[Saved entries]
□ □ □ □ □ □ □

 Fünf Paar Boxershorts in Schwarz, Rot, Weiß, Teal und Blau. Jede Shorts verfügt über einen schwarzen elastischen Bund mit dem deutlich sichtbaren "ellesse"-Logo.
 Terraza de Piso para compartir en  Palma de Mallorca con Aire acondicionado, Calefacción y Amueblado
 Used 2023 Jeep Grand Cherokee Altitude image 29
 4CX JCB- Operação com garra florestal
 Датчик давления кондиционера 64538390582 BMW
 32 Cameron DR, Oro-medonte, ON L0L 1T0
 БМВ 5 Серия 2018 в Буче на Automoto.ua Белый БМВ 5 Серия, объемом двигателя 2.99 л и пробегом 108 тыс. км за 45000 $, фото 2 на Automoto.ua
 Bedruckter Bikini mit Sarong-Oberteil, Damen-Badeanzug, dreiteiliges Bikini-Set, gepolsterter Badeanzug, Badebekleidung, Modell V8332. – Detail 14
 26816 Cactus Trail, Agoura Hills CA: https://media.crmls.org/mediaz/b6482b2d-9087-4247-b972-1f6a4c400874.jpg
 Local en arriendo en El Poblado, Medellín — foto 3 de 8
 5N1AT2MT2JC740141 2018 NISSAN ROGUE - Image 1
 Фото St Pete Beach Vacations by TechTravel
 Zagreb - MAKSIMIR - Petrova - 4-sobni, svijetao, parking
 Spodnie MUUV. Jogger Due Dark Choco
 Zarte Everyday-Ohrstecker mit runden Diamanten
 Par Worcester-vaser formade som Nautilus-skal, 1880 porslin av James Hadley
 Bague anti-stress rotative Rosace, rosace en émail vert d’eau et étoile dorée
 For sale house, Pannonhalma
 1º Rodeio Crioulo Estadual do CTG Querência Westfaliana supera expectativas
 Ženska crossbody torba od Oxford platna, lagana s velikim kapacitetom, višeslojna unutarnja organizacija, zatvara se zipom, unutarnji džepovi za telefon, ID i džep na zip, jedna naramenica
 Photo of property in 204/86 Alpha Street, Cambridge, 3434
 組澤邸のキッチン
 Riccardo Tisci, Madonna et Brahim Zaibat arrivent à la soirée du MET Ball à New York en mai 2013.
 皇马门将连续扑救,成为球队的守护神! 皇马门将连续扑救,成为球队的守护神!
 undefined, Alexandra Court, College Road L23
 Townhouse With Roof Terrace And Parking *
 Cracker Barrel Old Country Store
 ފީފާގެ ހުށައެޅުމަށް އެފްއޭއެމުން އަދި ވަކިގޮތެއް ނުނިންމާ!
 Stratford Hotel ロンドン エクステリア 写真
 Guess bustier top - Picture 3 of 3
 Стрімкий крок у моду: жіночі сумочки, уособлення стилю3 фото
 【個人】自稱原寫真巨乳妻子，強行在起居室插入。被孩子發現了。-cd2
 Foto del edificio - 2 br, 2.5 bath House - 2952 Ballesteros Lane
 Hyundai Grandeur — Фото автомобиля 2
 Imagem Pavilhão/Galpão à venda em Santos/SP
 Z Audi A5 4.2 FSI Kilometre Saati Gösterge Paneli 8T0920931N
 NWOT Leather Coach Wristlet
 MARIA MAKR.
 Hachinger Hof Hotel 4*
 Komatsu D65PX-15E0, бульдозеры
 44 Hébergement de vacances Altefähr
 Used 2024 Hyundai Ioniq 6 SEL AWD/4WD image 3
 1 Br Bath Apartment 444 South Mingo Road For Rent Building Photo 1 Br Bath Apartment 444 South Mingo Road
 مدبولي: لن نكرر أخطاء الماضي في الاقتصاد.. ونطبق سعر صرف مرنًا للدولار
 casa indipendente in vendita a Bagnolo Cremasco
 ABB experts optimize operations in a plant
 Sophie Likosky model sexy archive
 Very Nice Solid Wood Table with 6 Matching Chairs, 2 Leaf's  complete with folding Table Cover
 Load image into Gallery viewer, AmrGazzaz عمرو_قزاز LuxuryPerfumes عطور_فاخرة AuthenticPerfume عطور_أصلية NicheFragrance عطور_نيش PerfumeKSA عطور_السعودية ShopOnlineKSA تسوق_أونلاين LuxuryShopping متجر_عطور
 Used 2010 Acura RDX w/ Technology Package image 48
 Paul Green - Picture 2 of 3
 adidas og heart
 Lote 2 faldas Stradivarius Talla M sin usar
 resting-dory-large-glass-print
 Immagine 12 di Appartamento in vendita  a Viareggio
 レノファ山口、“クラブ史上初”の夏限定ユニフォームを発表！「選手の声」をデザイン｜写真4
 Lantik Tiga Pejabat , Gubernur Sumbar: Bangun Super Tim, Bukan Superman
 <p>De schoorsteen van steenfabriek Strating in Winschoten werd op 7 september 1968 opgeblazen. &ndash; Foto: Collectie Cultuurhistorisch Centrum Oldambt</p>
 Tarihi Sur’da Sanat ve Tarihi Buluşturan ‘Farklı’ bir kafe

□ □ □ □ □ □ □

Exercise details: Print out all the entries precisely as written.

Exercise answer:
 Fünf Paar Boxershorts in Schwarz, Rot, Weiß, Teal und Blau. Jede Shorts verfügt über einen schwarzen elastischen Bund mit dem deutlich sichtbaren "ellesse"-Logo.
 Terraza de Piso para compartir en  Palma de Mallorca con Aire acondicionado, Calefacción y Amueblado
 Used 2023 Jeep Grand Cherokee Altitude image 29
 4CX JCB- Operação com garra florestal
 Датчик давления кондиционера 64538390582 BMW
 32 Cameron DR, Oro-medonte, ON L0L 1T0
 БМВ 5 Серия 2018 в Буче на Automoto.ua Белый БМВ 5 Серия, объемом двигателя 2.99 л и пробегом 108 тыс. км за 45000 $, фото 2 на Automoto.ua
 Bedruckter Bikini mit Sarong-Oberteil, Damen-Badeanzug, dreiteiliges Bikini-Set, gepolsterter Badeanzug, Badebekleidung, Modell V8332. – Detail 14
 26816 Cactus Trail, Agoura Hills CA: https://media.crmls.org/mediaz/b6482b2d-9087-4247-b972-1f6a4c400874.jpg
 Local en arriendo en El Poblado, Medellín — foto 3 de 8
 5N1AT2MT2JC740141 2018 NISSAN ROGUE - Image 1
 Фото St Pete Beach Vacations by TechTravel
 Zagreb - MAKSIMIR - Petrova - 4-sobni, svijetao, parking
 Spodnie MUUV. Jogger Due Dark Choco
 Zarte Everyday-Ohrstecker mit runden Diamanten
 Par Worcester-vaser formade som Nautilus-skal, 1880 porslin av James Hadley
 Bague anti-stress rotative Rosace, rosace en émail vert d’eau et étoile dorée
 For sale house, Pannonhalma
 1º Rodeio Crioulo Estadual do CTG Querência Westfaliana supera expectativas
 Ženska crossbody torba od Oxford platna, lagana s velikim kapacitetom, višeslojna unutarnja organizacija, zatvara se zipom, unutarnji džepovi za telefon, ID i džep na zip, jedna naramenica
 Photo of property in 204/86 Alpha Street, Cambridge, 3434
 組澤邸のキッチン
 Riccardo Tisci, Madonna et Brahim Zaibat arrivent à la soirée du MET Ball à New York en mai 2013.
 皇马门将连续扑救,成为球队的守护神! 皇马门将连续扑救,成为球队的守护神!
 undefined, Alexandra Court, College Road L23
 Townhouse With Roof Terrace And Parking *
 Cracker Barrel Old Country Store
 ފީފާގެ ހުށައެޅުމަށް އެފްއޭއެމުން އަދި ވަކިގޮތެއް ނުނިންމާ!
 Stratford Hotel ロンドン エクステリア 写真
 Guess bustier top - Picture 3 of 3
 Стрімкий крок у моду: жіночі сумочки, уособлення стилю3 фото
 【個人】自稱原寫真巨乳妻子，強行在起居室插入。被孩子發現了。-cd2
 Foto del edificio - 2 br, 2.5 bath House - 2952 Ballesteros Lane
 Hyundai Grandeur — Фото автомобиля 2
 Imagem Pavilhão/Galpão à venda em Santos/SP
 Z Audi A5 4.2 FSI Kilometre Saati Gösterge Paneli 8T0920931N
 NWOT Leather Coach Wristlet
 MARIA MAKR.
 Hachinger Hof Hotel 4*
 Komatsu D65PX-15E0, бульдозеры
 44 Hébergement de vacances Altefähr
 Used 2024 Hyundai Ioniq 6 SEL AWD/4WD image 3
 1 Br Bath Apartment 444 South Mingo Road For Rent Building Photo 1 Br Bath Apartment 444 South Mingo Road
 مدبولي: لن نكرر أخطاء الماضي في الاقتصاد.. ونطبق سعر صرف مرنًا للدولار
 casa indipendente in vendita a Bagnolo Cremasco
 ABB experts optimize operations in a plant
 Sophie Likosky model sexy archive
 Very Nice Solid Wood Table with 6 Matching Chairs, 2 Leaf's  complete with folding Table Cover
 Load image into Gallery viewer, AmrGazzaz عمرو_قزاز LuxuryPerfumes عطور_فاخرة AuthenticPerfume عطور_أصلية NicheFragrance عطور_نيش PerfumeKSA عطور_السعودية ShopOnlineKSA تسوق_أونلاين LuxuryShopping متجر_عطور
 Used 2010 Acura RDX w/ Technology Package image 48
 Paul Green - Picture 2 of 3
 adidas og heart
 Lote 2 faldas Stradivarius Talla M sin usar
 resting-dory-large-glass-print
 Immagine 12 di Appartamento in vendita  a Viareggio
 レノファ山口、“クラブ史上初”の夏限定ユニフォームを発表！「選手の声」をデザイン｜写真4
 Lantik Tiga Pejabat , Gubernur Sumbar: Bangun Super Tim, Bukan Superman
 <p>De schoorsteen van steenfabriek Strating in Winschoten werd op 7 september 1968 opgeblazen. &ndash; Foto: Collectie Cultuurhistorisch Centrum Oldambt</p>
 Tarihi Sur’da Sanat ve Tarihi Buluşturan ‘Farklı’ bir kafe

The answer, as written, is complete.